→ **Work order**: Print out all of the records exactly; no picture belongs in the result.

→ **Supplied entries**:
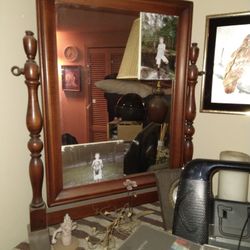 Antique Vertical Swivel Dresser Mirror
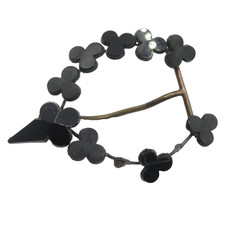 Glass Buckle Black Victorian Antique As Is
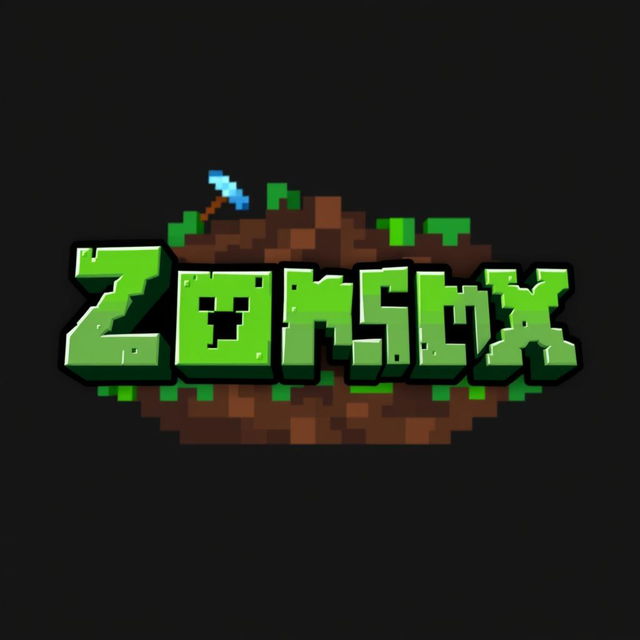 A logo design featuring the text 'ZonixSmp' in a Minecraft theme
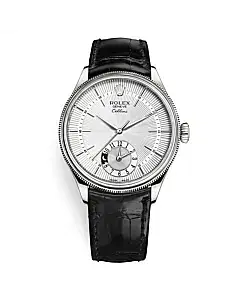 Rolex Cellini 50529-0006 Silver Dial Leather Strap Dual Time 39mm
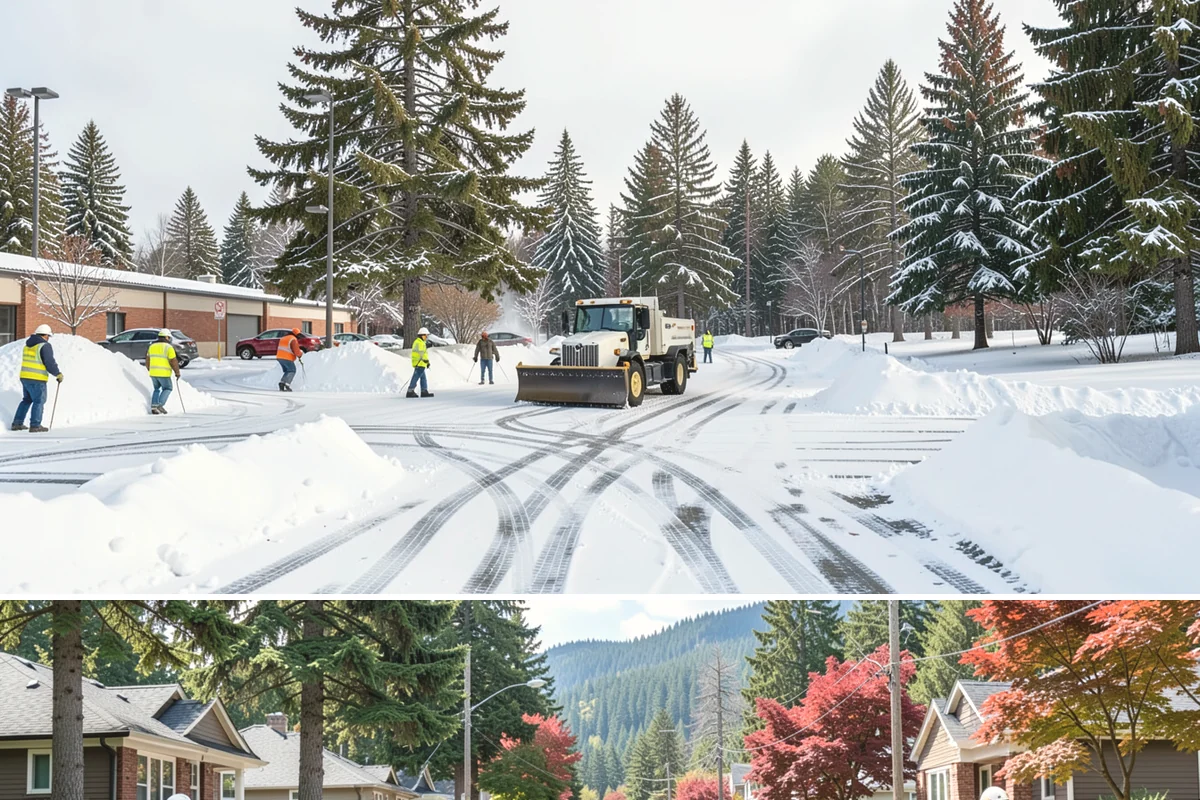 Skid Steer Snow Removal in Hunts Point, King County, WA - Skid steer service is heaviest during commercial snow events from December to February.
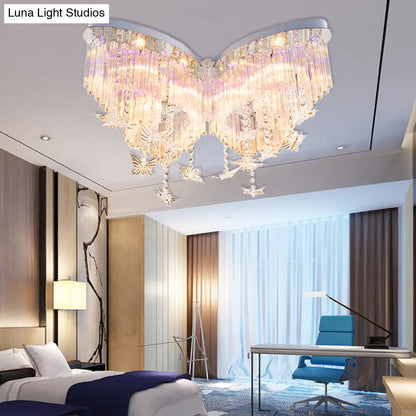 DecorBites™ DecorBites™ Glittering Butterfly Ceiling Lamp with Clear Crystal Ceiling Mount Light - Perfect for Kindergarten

→ **Solution to this problem**:
 Antique Vertical Swivel Dresser Mirror
 Glass Buckle Black Victorian Antique As Is
 A logo design featuring the text 'ZonixSmp' in a Minecraft theme
 Rolex Cellini 50529-0006 Silver Dial Leather Strap Dual Time 39mm
 Skid Steer Snow Removal in Hunts Point, King County, WA - Skid steer service is heaviest during commercial snow events from December to February.
 DecorBites™ DecorBites™ Glittering Butterfly Ceiling Lamp with Clear Crystal Ceiling Mount Light - Perfect for Kindergarten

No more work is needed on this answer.